Full-text search + hybrid retrieval

June 11, 2026 · View on GitHub

fts is SQLRite's keyword-search feature: build an inverted index on a TEXT column with CREATE INDEX … USING fts (col), then ask BM25-relevance-ranked queries from any product surface. It composes naturally with vec_distance_cosine (Phase 7d) for hybrid retrieval — the modern RAG default that fuses lexical exact-match with semantic embedding-space proximity.

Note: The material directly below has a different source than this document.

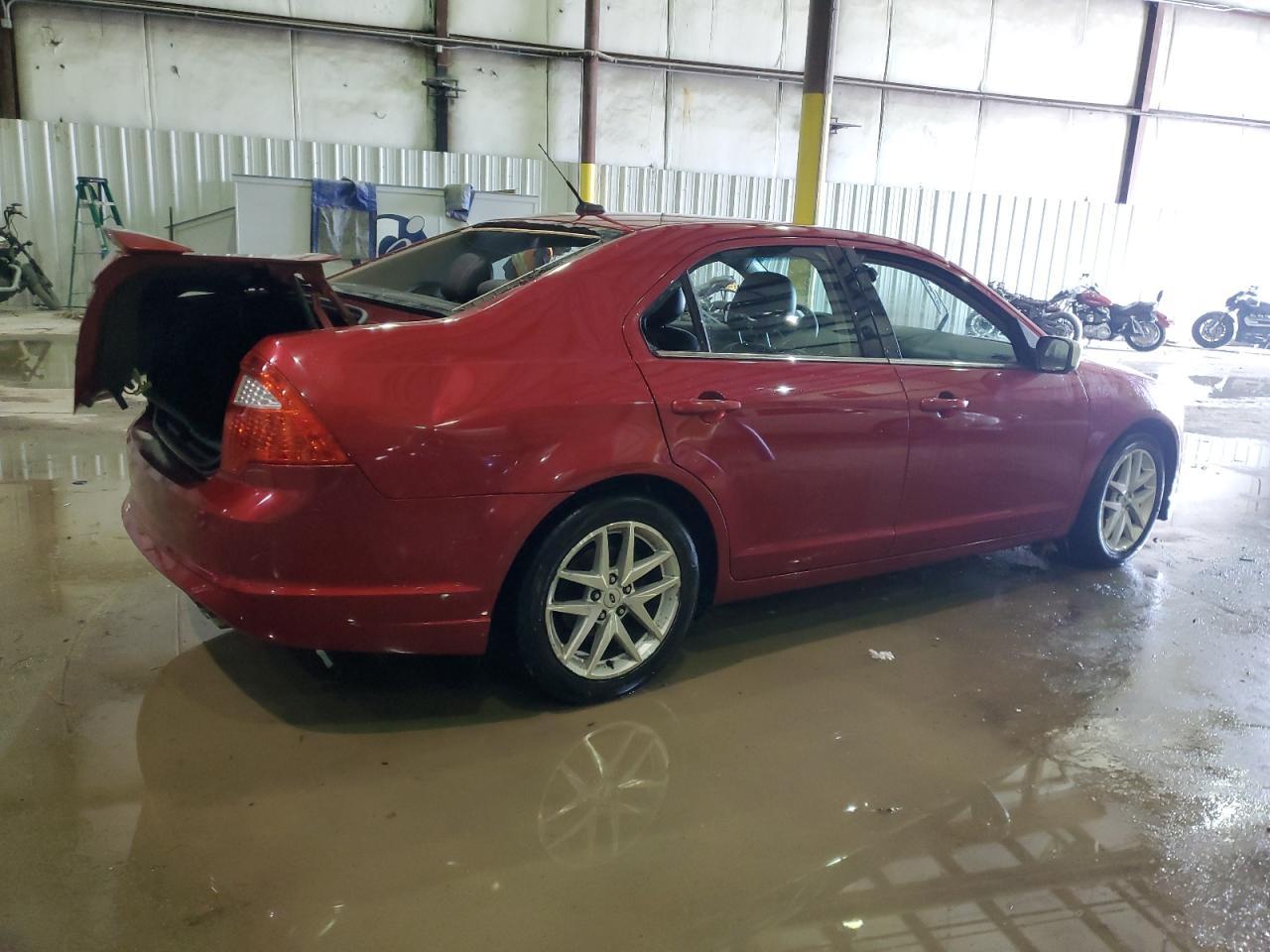 2012 FORD FUSION SEL - Image 3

This doc is the canonical reference. For the design rationale (resolved Q1–Q10), see docs/phase-8-plan.md.

What FTS does
Quick start
SQL surface
Hybrid retrieval
Tokenizer rules
BM25 parameters
Lifecycle: INSERT / DELETE / UPDATE
Persistence + file format
Optimizer hook
How to use it from each surface
Limitations
See also

What FTS does

Given a TEXT column with an FTS index, you can:

Match rows by query terms: WHERE fts_match(body, 'rust embedded') — true if the row contains any of the query's tokens (post-tokenization).
Rank by relevance: ORDER BY bm25_score(body, 'rust embedded') DESC LIMIT k — top-k by BM25, served from the inverted index in O(query-term-count × k log k).
Fuse with vector similarity: ORDER BY 0.5 * bm25_score(...) + 0.5 * (1.0 - vec_distance_cosine(...)) DESC LIMIT k — hybrid retrieval via raw arithmetic.

FTS does not auto-index every TEXT column. It only kicks in for columns with an explicit CREATE INDEX … USING fts (col). Mirrors how HNSW vector indexes opt in.

Quick start

-- 1. Schema + data
CREATE TABLE docs (id INTEGER PRIMARY KEY, body TEXT);
INSERT INTO docs (body) VALUES ('rust is a systems programming language');
INSERT INTO docs (body) VALUES ('sqlite is an embedded database engine');
INSERT INTO docs (body) VALUES ('postgres is a relational database server');

-- 2. Build the FTS index (any time after the column exists; the index
--    backfills from current rows and stays in lockstep on INSERT).
CREATE INDEX docs_fts ON docs USING fts (body);

-- 3a. Lexical filter — true / false predicate.
SELECT id FROM docs WHERE fts_match(body, 'database');

-- 3b. Relevance ranking — top-k.
SELECT id FROM docs
 WHERE fts_match(body, 'embedded database')
 ORDER BY bm25_score(body, 'embedded database') DESC
 LIMIT 5;

-- 3c. Hybrid: BM25 + vector cosine, equal weights.
--    (Assumes an `embedding VECTOR(N)` column on the same table.)
SELECT id FROM docs
 WHERE fts_match(body, 'embedded database')
 ORDER BY 0.5 * bm25_score(body, 'embedded database')
        + 0.5 * (1.0 - vec_distance_cosine(embedding, [0.12, -0.04, /* ... */]))
DESC LIMIT 5;

For a runnable hybrid example with hand-baked embeddings, see examples/hybrid-retrieval/.

SQL surface

`CREATE INDEX … USING fts (col)`

CREATE INDEX <name> ON <table> USING fts (<column>);

Constraints:

Single-column only. Multi-column FTS (fts(title, body)) is deferred to Phase 8.1 (Q2).
TEXT columns only. INTEGER, REAL, BOOLEAN, VECTOR, JSON columns are rejected with a clear error message at CREATE-INDEX time.
UNIQUE is meaningless and rejected. UNIQUE on an inverted index doesn't have a sensible interpretation.
Name uniqueness spans all index kinds. A B-Tree, HNSW, or other FTS index on the same table can't share a name; IF NOT EXISTS silently no-ops in that case.
Backfill is automatic. Existing rows are tokenized + indexed at CREATE time. New rows added via INSERT update the index incrementally.

`fts_match(col, 'q')`

Boolean predicate; returns TRUE if the row has at least one query term in its tokenized representation, FALSE otherwise. Most-common shape:

WHERE fts_match(body, 'rust embedded')

Multi-token queries use any-term (OR) semantics — a row matches if any of rust / embedded is in its tokenized body. Boolean operators inside the query string (AND / OR / NOT) and phrase queries (MATCH '"exact phrase"') are deferred to Phase 8.1.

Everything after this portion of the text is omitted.